Afghanistan: US-Geheimdienste befürchten Wiedererstarken der Taliban

Die düstere Vorhersage der US-Geheimdienste, die nach einer deutlichen Verringerung der Truppen aus den USA und anderen NATO-Staaten ein rasches Wiedererstarken der Taliban und anderer Aufständischer befürchten, wurde hier in den Kommentaren schon erwähnt. Damit’s nicht nur aus dritter Hand ist, der Verweis auf den ersten Bericht dazu, aus der Washington Post:

A new American intelligence assessment on the Afghan war predicts that the gains the United States and its allies have made during the past three years are likely to have been significantly eroded by 2017, even if Washington leaves behind a few thousand troops and continues bankrolling the impoverished nation, according to officials familiar with the report. The National Intelligence Estimate, which includes input from the country’s 16 intelligence agencies, predicts that the Taliban and other power brokers will become increasingly influential as the United States winds down its longest war in history, according to officials who have read the classified report or received briefings on its conclusions. (…)
The report predicts that Afghanistan would likely descend into chaos quickly if Washington and Kabul don’t sign a security pact that would keep an international military contingent there beyond 2014 — a precondition for the delivery of billions of dollars in aid that the United States and its allies have pledged to spend in Afghanistan over the coming years.

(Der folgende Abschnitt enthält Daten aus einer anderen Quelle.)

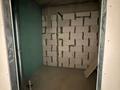 1-бөлмелі пәтер · 32.7 м² · 1/5 қабат, мкр 20-й, мкр 20-й 18, бағасы: 22.5 млн ₸ в Алматы, Алатауский р-н — фото 6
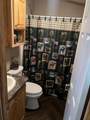 2257 Lookout Point Rd - Photo 23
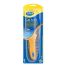 Scholl Gelactiv Palmilha Profissional Homem x2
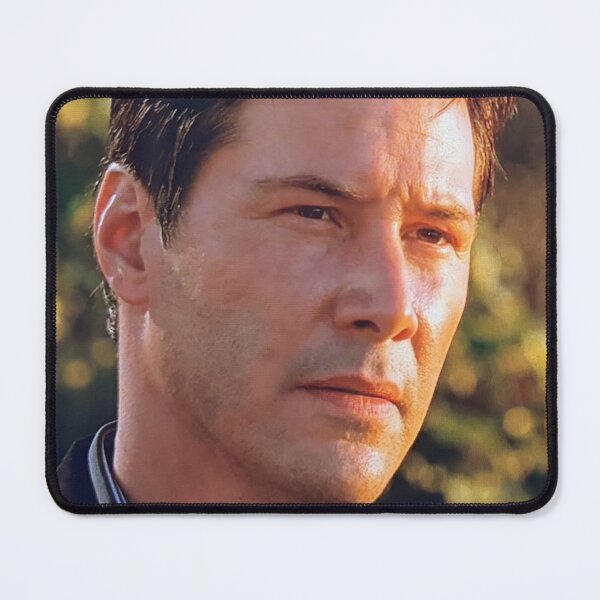 Item preview, Copy of Street Kings with Keanu Reeves: Detective Tom Ludlow designed and sold by CIW78.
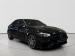 Mercedes-Benz C-Class C63 S - Thumbnail 3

Der ganze Bericht hier: Afghanistan gains will be lost quickly after drawdown, U.S. intelligence estimate warns

Nachtrag: Zu der Debatte passt die Analyse von Thomas Ruttig für das Afghanistan Analysts Network:

Some Things Got Better – How Much Got Good? A review of 12 years of international intervention in Afghanistan

Unter anderem:

2013 has probably been the most violent year since 2001. (We do not have final data yet, as NATO stopped releasing information on a regular basis under the pretext that, with the transition of security responsibilities, this was the job of the Afghan government. and only incomplete data has been coming from that side.) The number of war dead has increased again, foremost among the civilian population. According to the UN, civilian casualties have increased by ten per cent (to 2,730 dead and 5,169 injured) in the first eleven months of 2013 compared to last year. Most are results of Taleban attacks. Moreover, the Taleban now seem to attack in larger groups more often. They have increasingly attempted to take over district centres, mainly in peripheral areas, and test the power of the Afghan National Security Forces (ANSF) that now operate on their own in most of those areas (more detail in our analysis here). (Currently, 84,200 ISAF soldiers remain in the country, 60,000 of them Americans.) According to official Afghan sources, only five of the 416 district centres are under permanent Taleban control, but in many others government control barely reaches beyond the immediate centres. In the key Maiwand district in southern Afghanistan, for example (which is larger than Luxemburg), it ends two kilometres outside its central town, as the Wall Street Journal reported on 31 October. The situation is similar other kex districts, for example in Chahrdara in Kunduz province, from where the Taleban had been driven out almost completely in 2010. Since the additional US ‘surge’ forces left the area (the last German soldiers withdrew from Kunduz in October 2013), the Taleban are back in control almost everywhere. And that’s not to talk – yet – of human security.